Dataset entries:
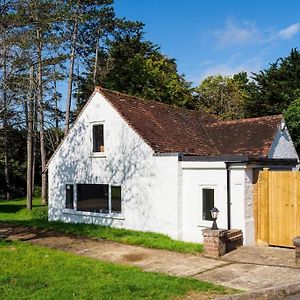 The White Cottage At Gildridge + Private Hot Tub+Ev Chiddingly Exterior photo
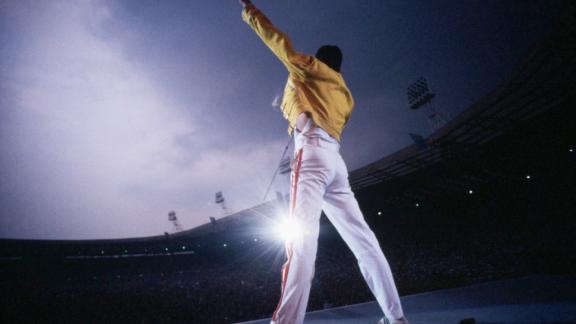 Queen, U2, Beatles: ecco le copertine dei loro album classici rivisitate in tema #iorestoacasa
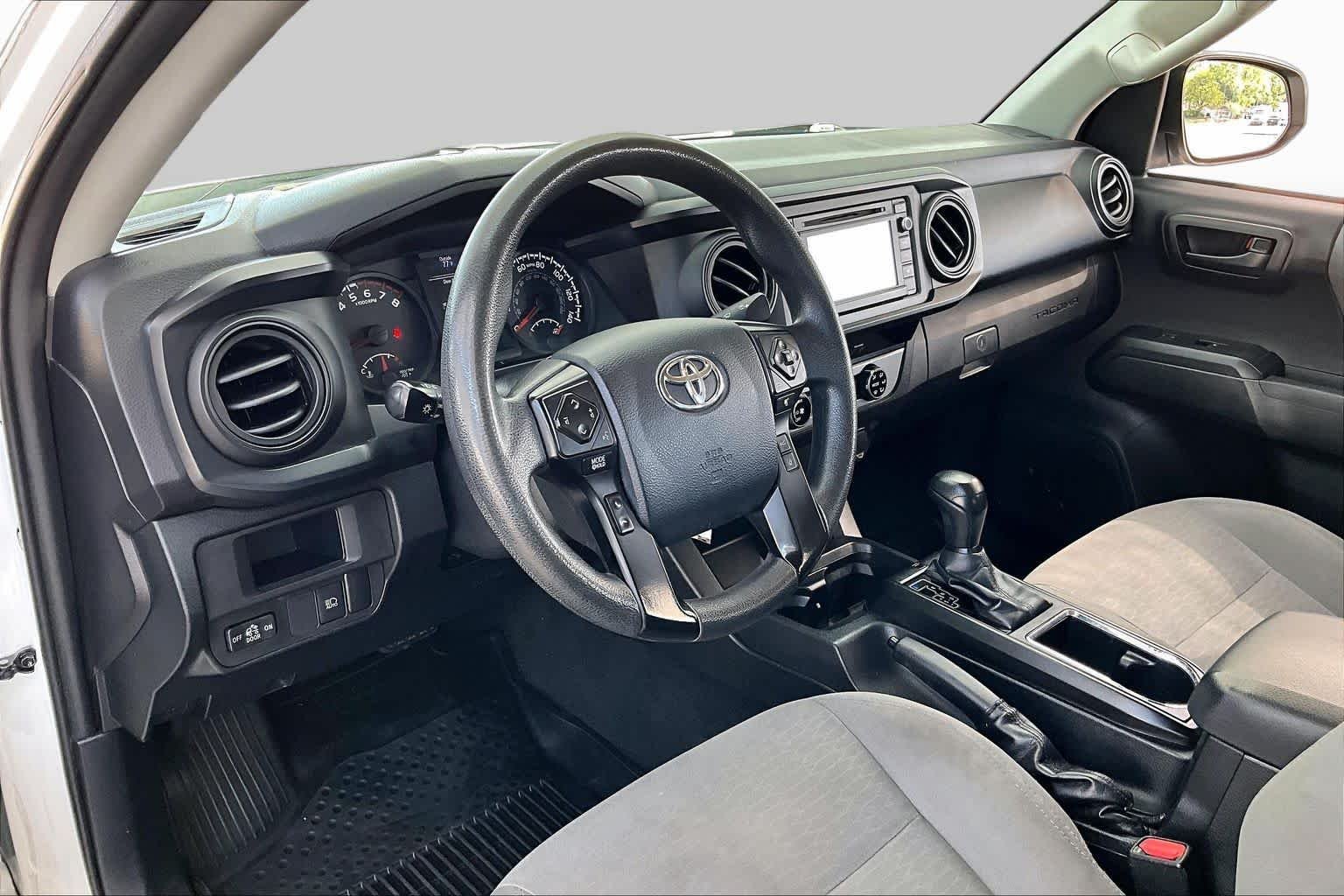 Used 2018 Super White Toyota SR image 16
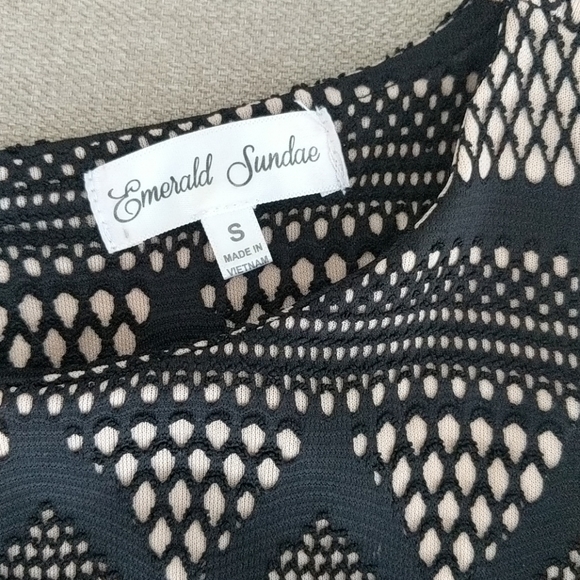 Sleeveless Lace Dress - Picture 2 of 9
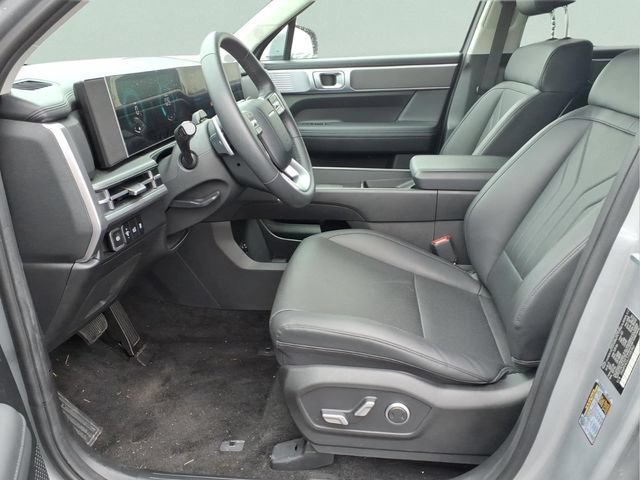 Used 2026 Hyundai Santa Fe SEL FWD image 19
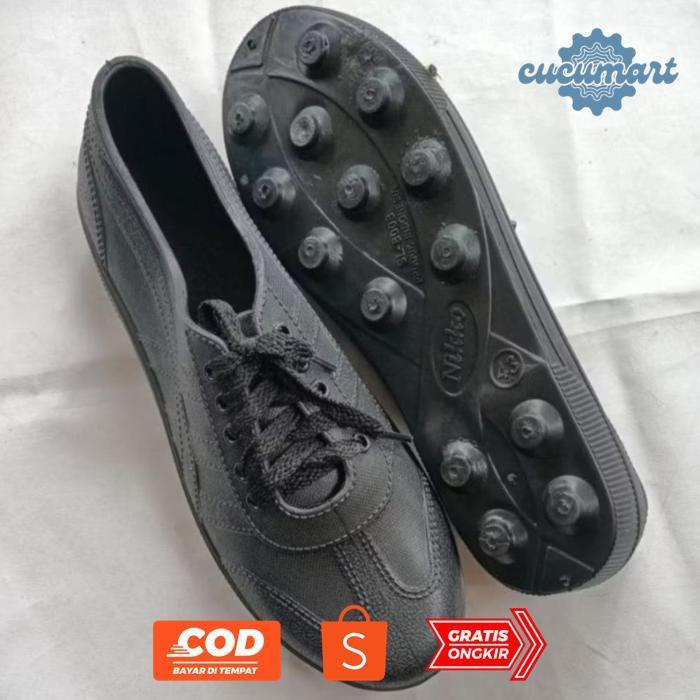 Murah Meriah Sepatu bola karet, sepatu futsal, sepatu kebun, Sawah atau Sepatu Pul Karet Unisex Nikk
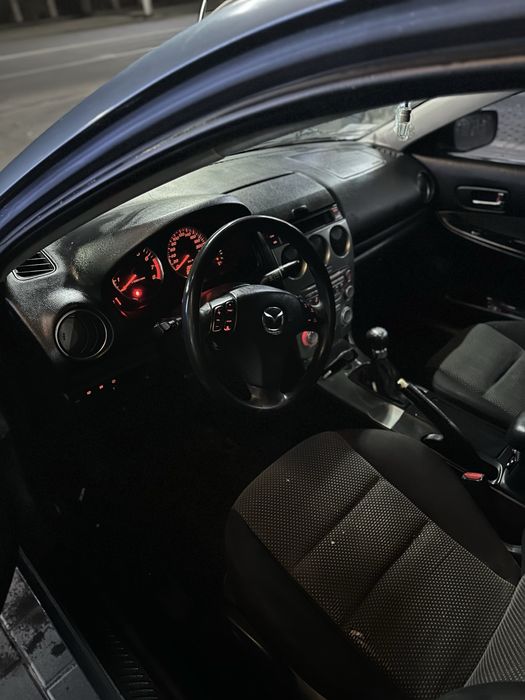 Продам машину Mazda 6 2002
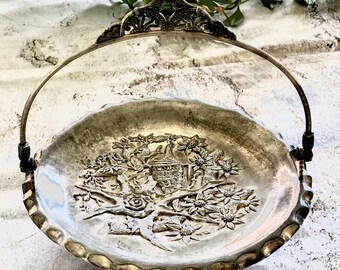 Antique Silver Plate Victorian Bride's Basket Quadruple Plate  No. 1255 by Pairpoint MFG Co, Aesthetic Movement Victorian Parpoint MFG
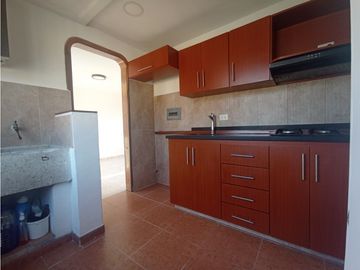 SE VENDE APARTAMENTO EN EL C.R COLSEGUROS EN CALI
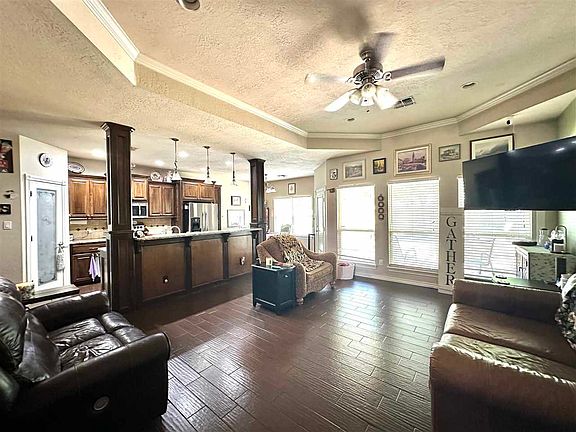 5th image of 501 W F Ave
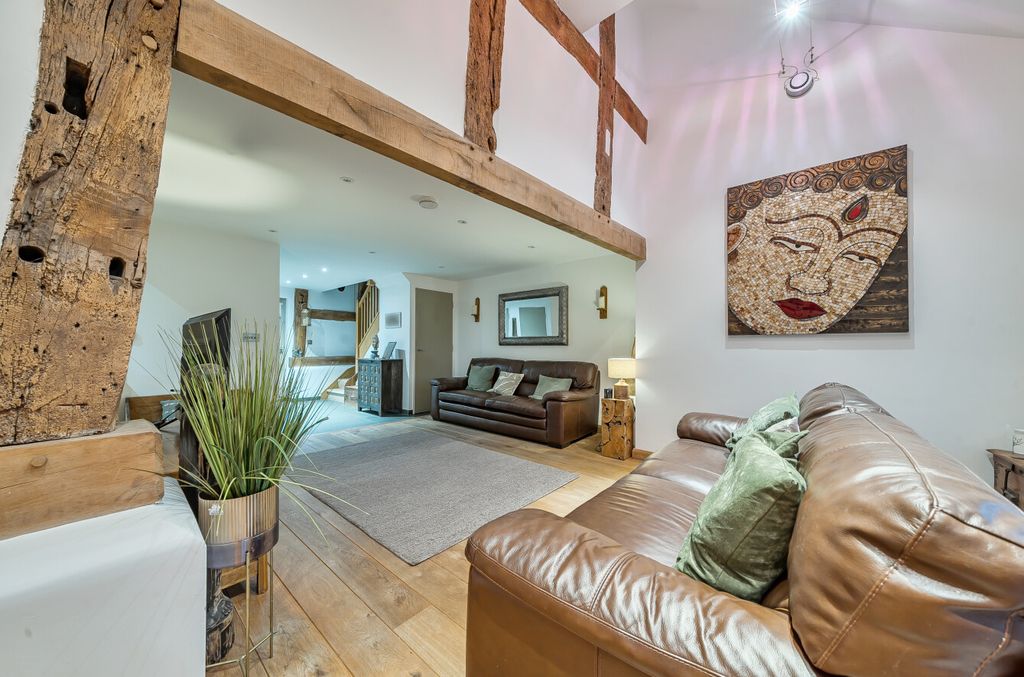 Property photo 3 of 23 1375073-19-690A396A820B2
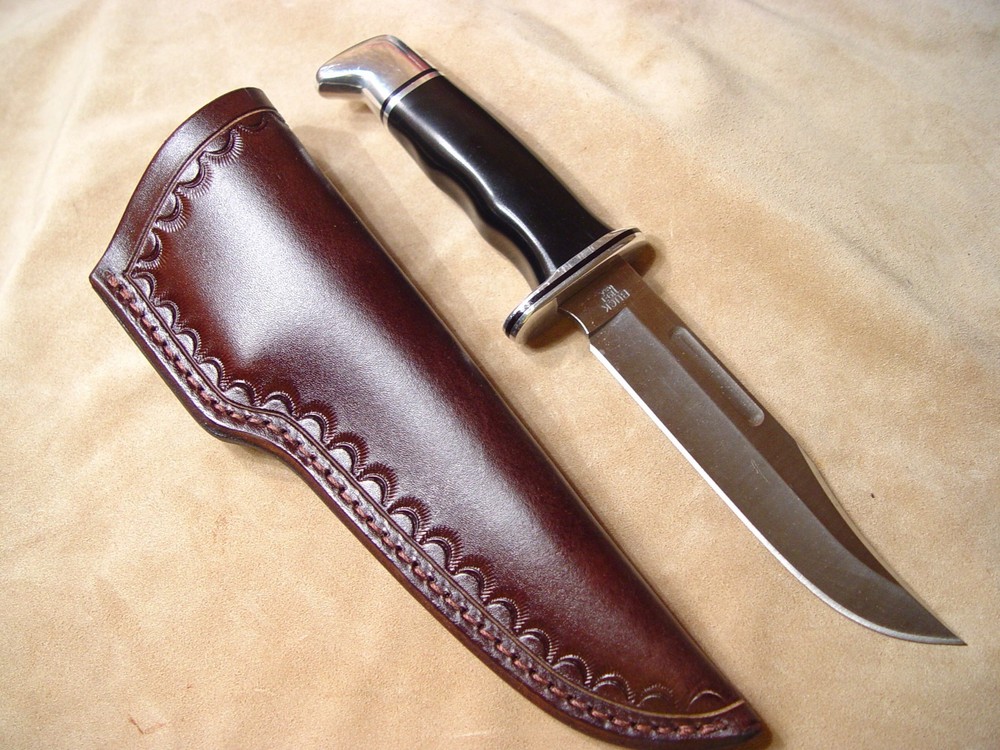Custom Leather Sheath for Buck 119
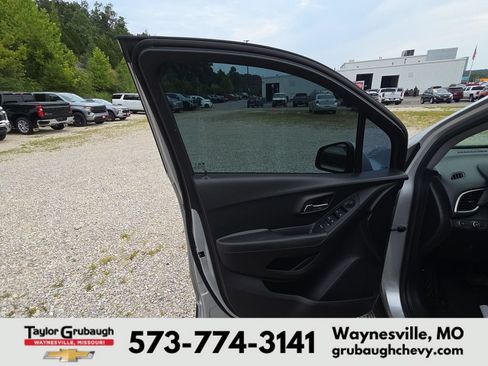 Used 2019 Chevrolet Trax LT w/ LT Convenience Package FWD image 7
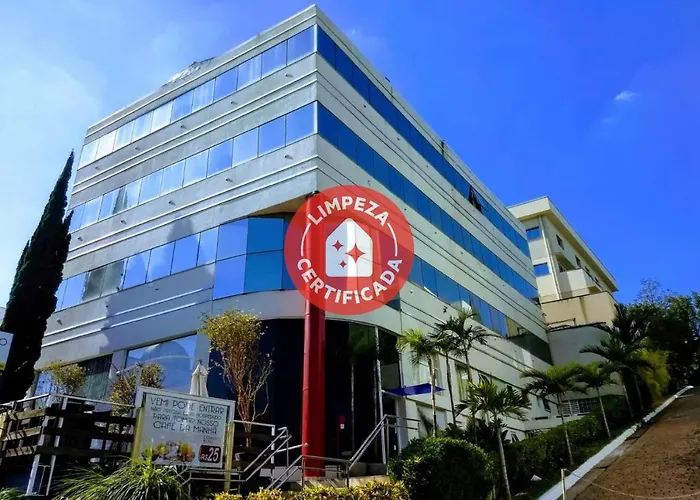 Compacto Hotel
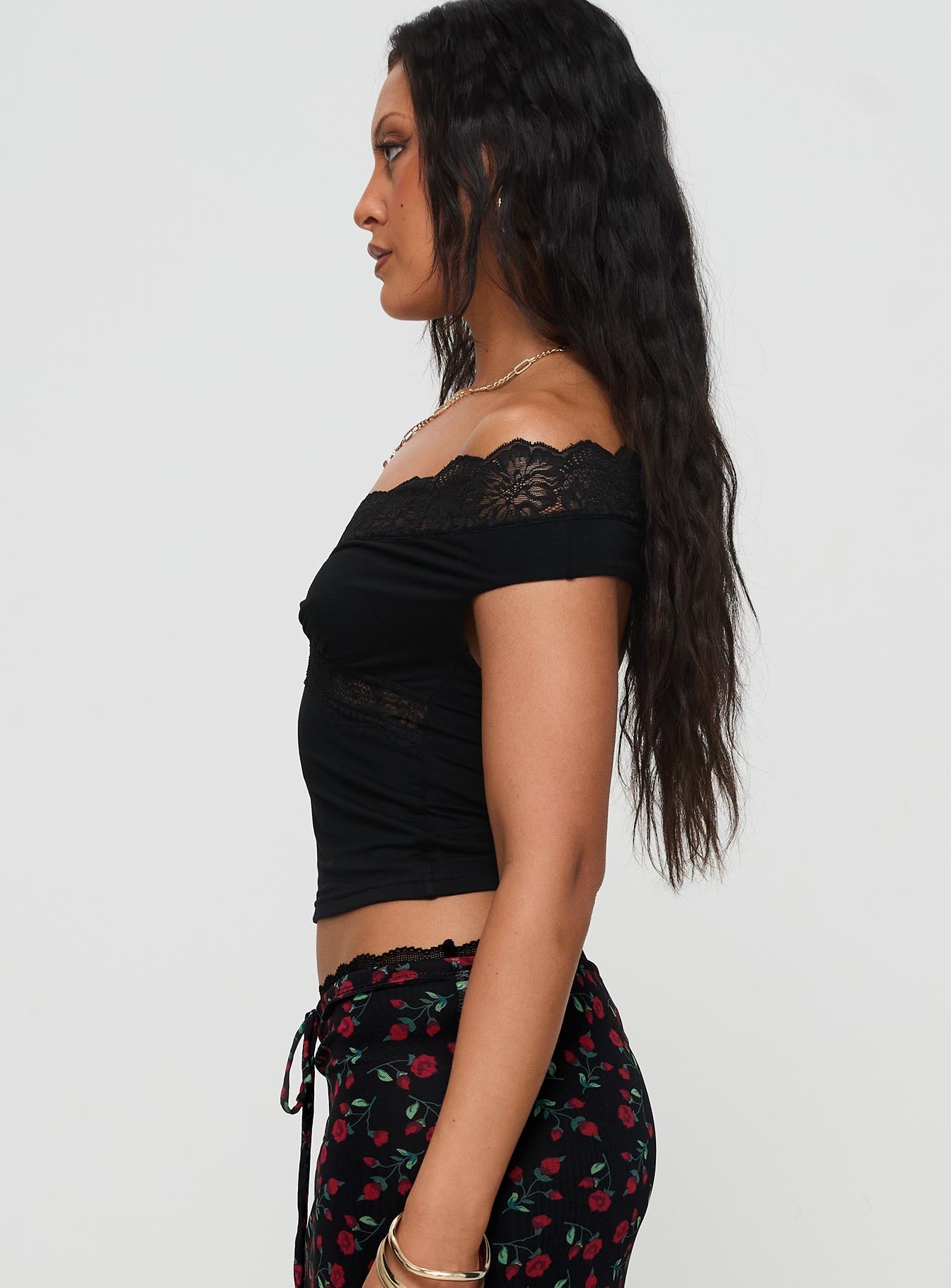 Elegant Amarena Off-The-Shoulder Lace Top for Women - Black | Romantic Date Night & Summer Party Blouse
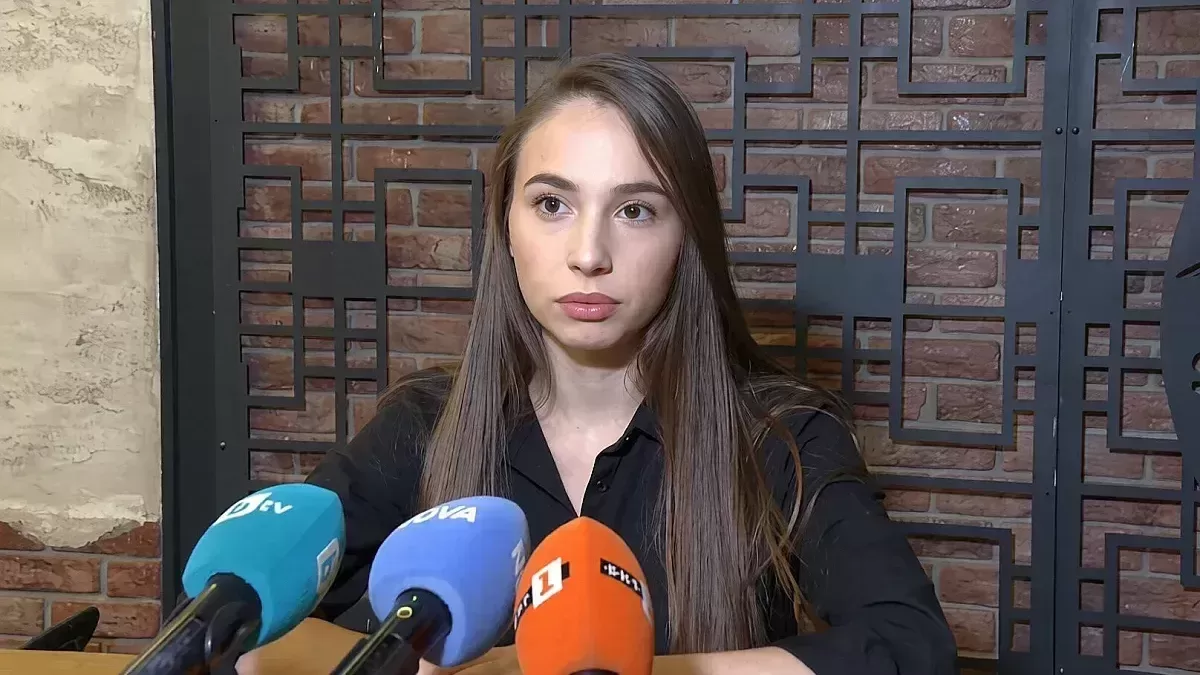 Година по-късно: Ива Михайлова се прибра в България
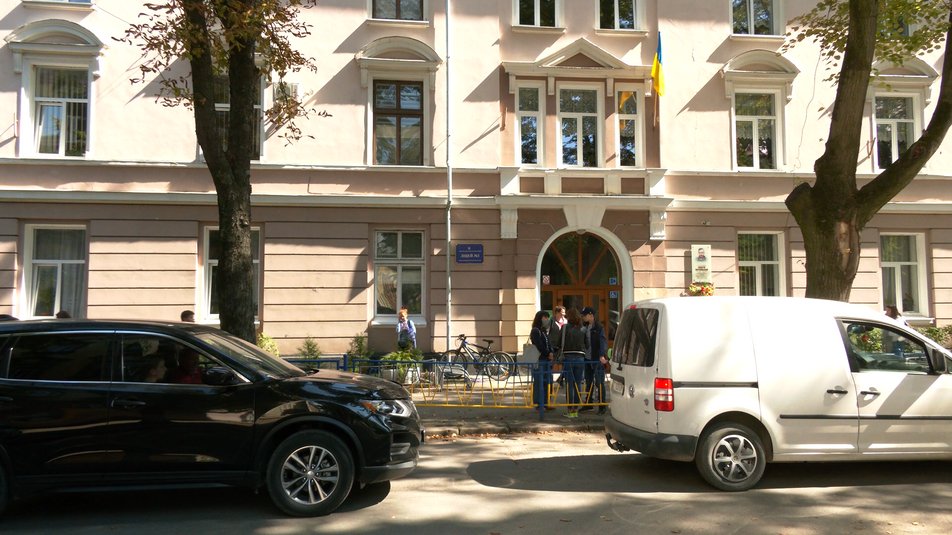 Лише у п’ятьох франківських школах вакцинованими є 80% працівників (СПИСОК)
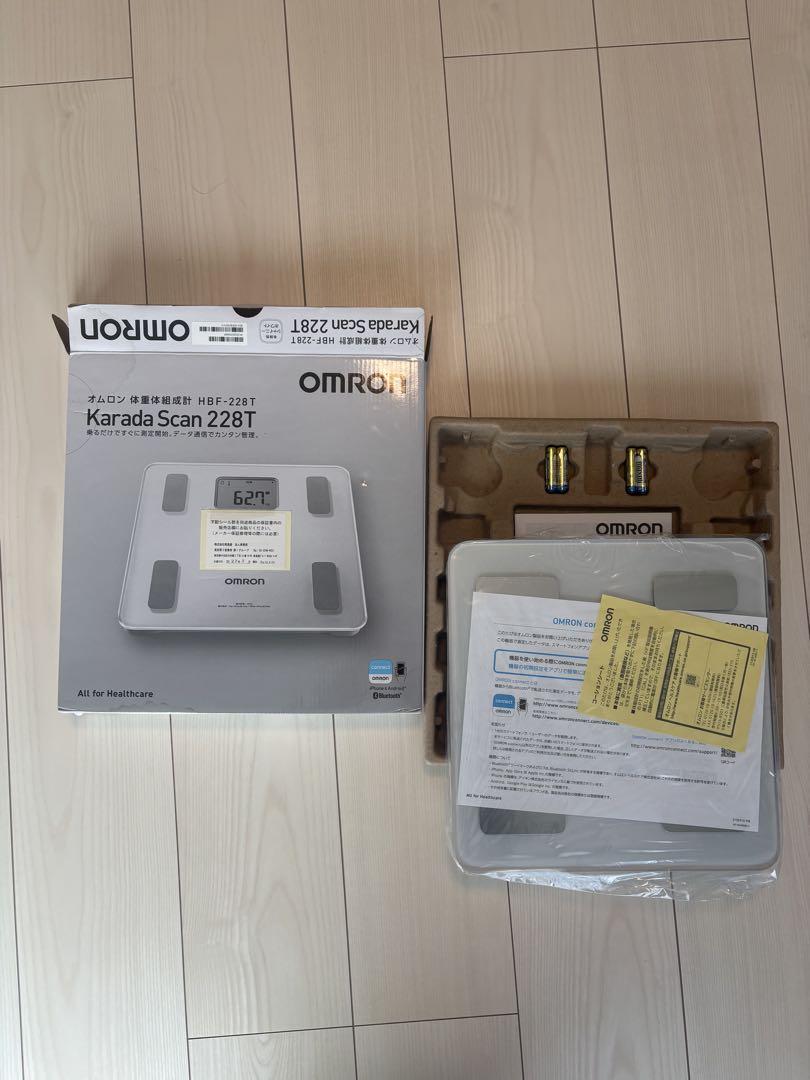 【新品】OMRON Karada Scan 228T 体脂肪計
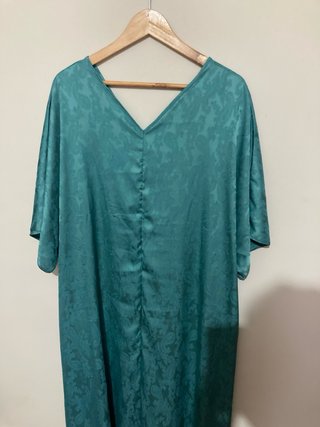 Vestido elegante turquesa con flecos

The problem
Pictures aside, give the data again exactly as it appears.

Response area
 The White Cottage At Gildridge + Private Hot Tub+Ev Chiddingly Exterior photo
 Queen, U2, Beatles: ecco le copertine dei loro album classici rivisitate in tema #iorestoacasa
 Used 2018 Super White Toyota SR image 16
 Sleeveless Lace Dress - Picture 2 of 9
 Used 2026 Hyundai Santa Fe SEL FWD image 19
 Murah Meriah Sepatu bola karet, sepatu futsal, sepatu kebun, Sawah atau Sepatu Pul Karet Unisex Nikk
 Продам машину Mazda 6 2002
 Antique Silver Plate Victorian Bride's Basket Quadruple Plate  No. 1255 by Pairpoint MFG Co, Aesthetic Movement Victorian Parpoint MFG
 SE VENDE APARTAMENTO EN EL C.R COLSEGUROS EN CALI
 5th image of 501 W F Ave
 Property photo 3 of 23 1375073-19-690A396A820B2
Custom Leather Sheath for Buck 119
 Used 2019 Chevrolet Trax LT w/ LT Convenience Package FWD image 7
 Compacto Hotel
 Elegant Amarena Off-The-Shoulder Lace Top for Women - Black | Romantic Date Night & Summer Party Blouse
 Година по-късно: Ива Михайлова се прибра в България
 Лише у п’ятьох франківських школах вакцинованими є 80% працівників (СПИСОК)
 【新品】OMRON Karada Scan 228T 体脂肪計
 Vestido elegante turquesa con flecos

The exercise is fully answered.